Hockey Night in Canada surrounds viewers with Holophone
Every Saturday night, the crews of CBC’s Hockey Night In Canada (HNIC), one of the most widely watched weekly sports programs in the country, are responsible for bringing the action of the NHL’s games to viewers’ living rooms. On any given Saturday, there can be two-three early (Eastern) games and one or more late games (Western). With a push towards broadcasting games in High Definition, the HD crew was looking for a means to capture high-quality audio to accompany the true-to-life video transmission. One of the technologies they selected to accomplish this is Holophone’s H2-PRO surround microphone due to its ease of use and realistic sound capture.
The Holophone surround microphone has currently been used to cover several of the Toronto Maple Leaf home games at the Air Canada Centre. According to Kathryn Von Bezold, one of the audio mixers for the Eastern HNIC games (i.e. Montreal, Toronto, Buffalo), the construction of the H2-PRO allows her to make every viewer feel like they’re in the best seat in the house. “I want the viewer to experience the sudden rise of the crowds from the sides and behind while still focusing on the game in front,” Von Bezold explains. “The H2-PRO has helped me with that because the mic captures sound similar to the way our ears and head process it, so it’s as close to what’s happening as possible. For me, the whole thing with surround is that everyone has been focusing on transmission and mixing, but surround is also something that goes back to the beginning- how are you recording the sound? With the H2-PRO you are actually starting with surround.”

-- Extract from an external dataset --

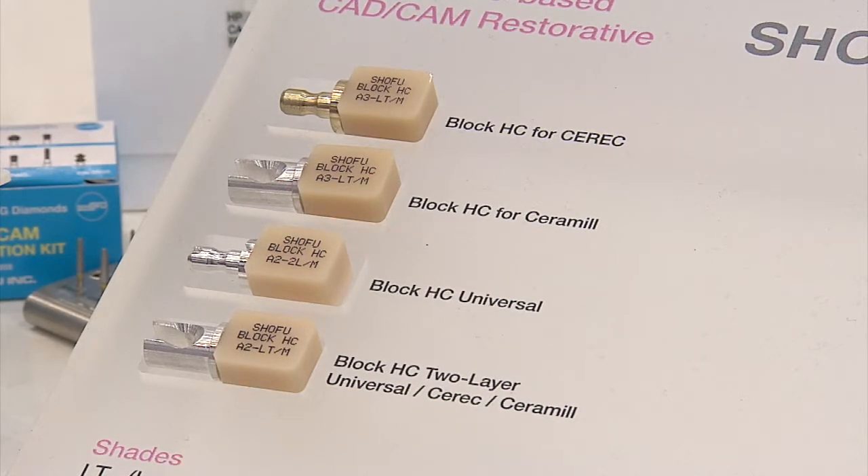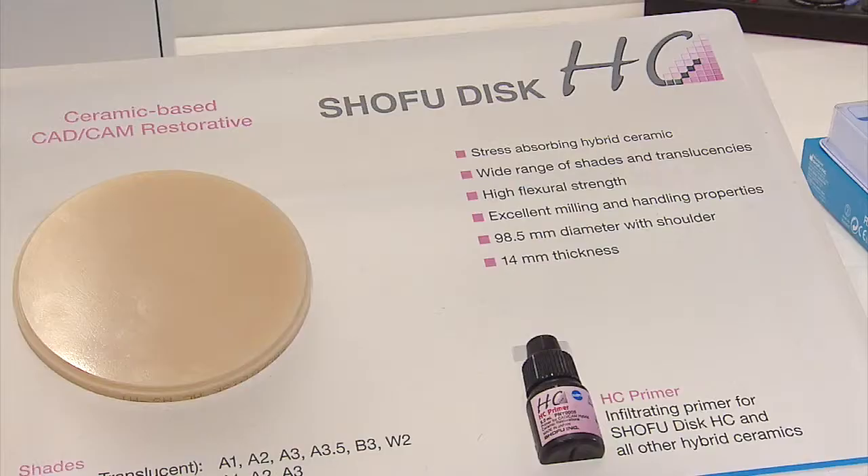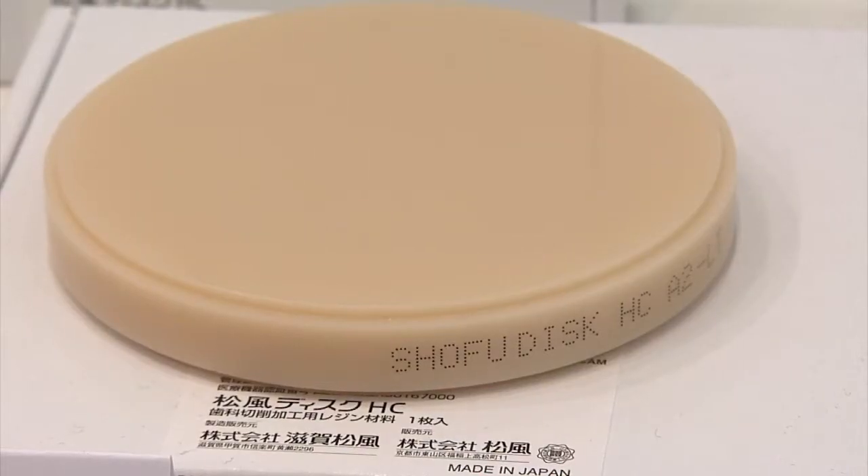It comes along with a newly developed cementation system which addresses former failures of this type of material. And I can only highly recommend to try it.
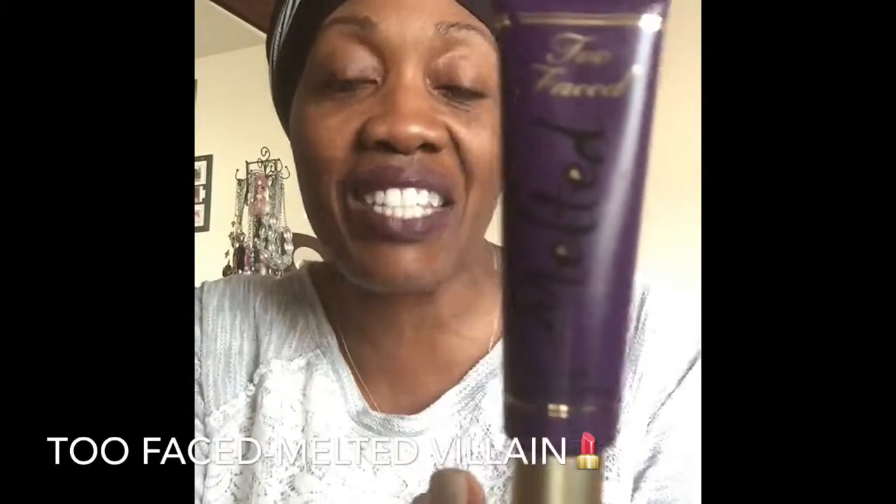Today's an all-natural day for me — I am wearing no makeup except the lippy that I'm gonna be swatching, and I'm wearing my cute little wrap here that I simply love. I've done swatches on this brand before, but I picked up a new one. I've already done melted fig and melted marshmallow, but this one is Too Faced Melted brand.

The H2-PRO’s elliptical design and multiple mic capsules allow the surround microphone to capture up to 7.1 channels of audio much like the human head receives and interprets sound, resulting in an extremely realistic recording with no signal mixing or manipulation required. For games at the Air Canada Centre, the H2-PRO is typically set up at the center of the stadium in a 5.1 format, down near the ice, and is paired with the tight follow camera.
In addition to superior surround capture, the mic has also been a real timesaver for the HNIC crew during pre-game setup. “The H2-PRO actually saves you time because previously you had to set up more mics to attain the same sound produced by the H2-PRO — that means more time,” Von Bezold explains. “Because you’ve got one surround mic, you saved a whole pile of time, which is pretty critical when you have to do a show setup the same day.”
When capturing sound for the HNIC HD broadcasts, the crew also has to be concerned with mixing in LT/RT (left total, right total) for those viewing the game in standard definition and for HD viewers without a surround setup. The recordings captured by the H2-PRO are easily converted into this type of signal. “You have to think of people that listen in LT/RT, as well as those that listen in surround,” Von Bezold continues. “The sound captured by the H2-PRO is easy to transfer to LT/RT.”
As Von Bezold explains, the CBC also selected the H2-PRO due to its versatility between audio mixers. “The mic can be used for live sports recording (for crowd or effects), studio recording (i.e. variety type shows either for audience, close micing a performer, or music mixing) and also for boom work (i.e. hand held EFP [electronic field production] recording). In this way, live mobile mixers, studio mixers and boom mixers/recordists are utilizing the same mic, making it compatible for pre, live, and post mixing.”